Por: Jorge Consuegra
(Libros y Letras)
Daniel Ferreira “Clarín” ganó el Premio Clarín de Novela en Buenos Aires, convirtiéndose en el primer extranjero y el primer colombiano en ganar este galardón
– ¿A qué edad empezó su pasión por los libros?
– Para ser escritor antes hay que ser lector. Yo leí siempre. Es un sentir. Es decir: no recuerdo la época en que no sabía leer. Pero empecé a escribir a los 12, diarios sentimentales, subjetividad abominable, y una descripción de la vida local que por entonces tenía que ver con los muertos. Los de esa época, en San Vicente de Chucurí, en plena guerra de guerrilla y paramilitares (comienzo de los noventas). Cuando me vine a estudiar a Bogotá mi mamá tiró al reciclaje un cargamento de inútiles escolares. Entre esos objetos acumulados iban mis cuadernos del diario. Entonces escribí mi primera ficción. Tenía diecinueve años. Era una novela sobre un crimen colectivo: los paramilitares mataban a un poeta a causa de chismes y habladurías sobre el consumo de drogas. Era una exploración sobre la responsabilidad colectiva: todo el pueblo era responsable de propiciar esa muerte. Era también una pésima novela en clave sobre mis amigos y amores, sobre mis andanzas en el teatro experimental, y un intento de capturar el terror que todos teníamos por los asesinatos selectivos de la estrategia contrainsurgente implementada por los paramilitares de la región del Magdalena Medio. El libro nunca funcionó. El único logro que tenía era su forma experimental derivada de Rayuela: el tiempo estaba fracturado. Fue mi primer reto con las pruebas fundamentales del novelista: el control del tiempo, el punto de vista y la densidad de los personajes. Falló, en últimas, porque mi atención sobre el lenguaje y el idioma público era aún muy limitada.

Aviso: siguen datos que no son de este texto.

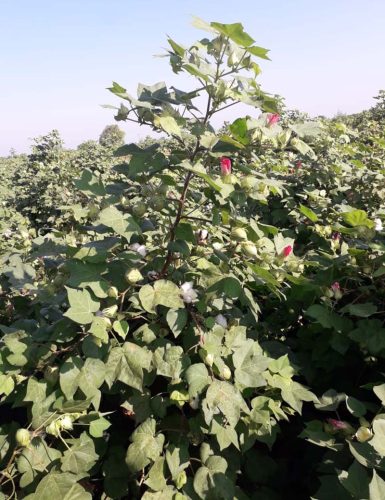 Cotton Raj 755 (2)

– ¿Quiénes lo fueron sumergiendo en este apasionante mundo de la imaginación?
– Me hundí en ese barco yo mismo. Pero en el hundimiento me acompañaron mis amigos: una banda de borrachos que amaba la poesía. Éramos provincianos, estábamos aislados de todo, pero vivíamos la literatura con apasionamiento. Mientras la literatura siga siendo una pasión irrefrenable para algunos, no morirá.
– ¿Cuáles fueron los temas de sus primeros cuentos?
Temas infantiles, después tragedias sentimentales (toda juventud es estúpida), después la historia secreta de mi familia. Ahora los sueños y las causalidades que unos llaman azar, otros resonancia, otros premoniciones y yo manifestaciones de la divinidad.
– ¿Cuáles fueron sus primeras lecturas de grandes escritores?
– Los libros que me robé de la biblioteca pública. Aun los conservo. Estos: Las naranjas de Hieronymus Bosch de Miller. Viaje al fin de la noche de Céline. Las Palabras de Sartre. También, aunque no me los robé, los clásicos del siglo XX editados por Oveja Negra. Estaban en la biblioteca pública del pueblo. Estos los recuerdo con una gratitud especial: eran tomos por idioma. Los autores italianos, donde estaban Pavesse, Buzzati, Papini. Los norteamericanos, donde estaba Capote, McCullers, Hemingway, Faulkner. Los franceses, donde estaban Sartre, Camus, Beauvoir. Los rusos donde estaban Tostoy, Dostoiewsky, Chejov. Los latinoamericanos donde estaban lo mejor del boom, y Carlos Fuentes, que nunca me ha interesado. Cien años de soledad estaba en un solo tomo. Fueron toda una academia para un lector como yo que no tenía libros en casa, salvo La Biblia, ese catálogo de incestos y de crímenes.
– ¿Qué libro recuerda especialmente en su adolescencia?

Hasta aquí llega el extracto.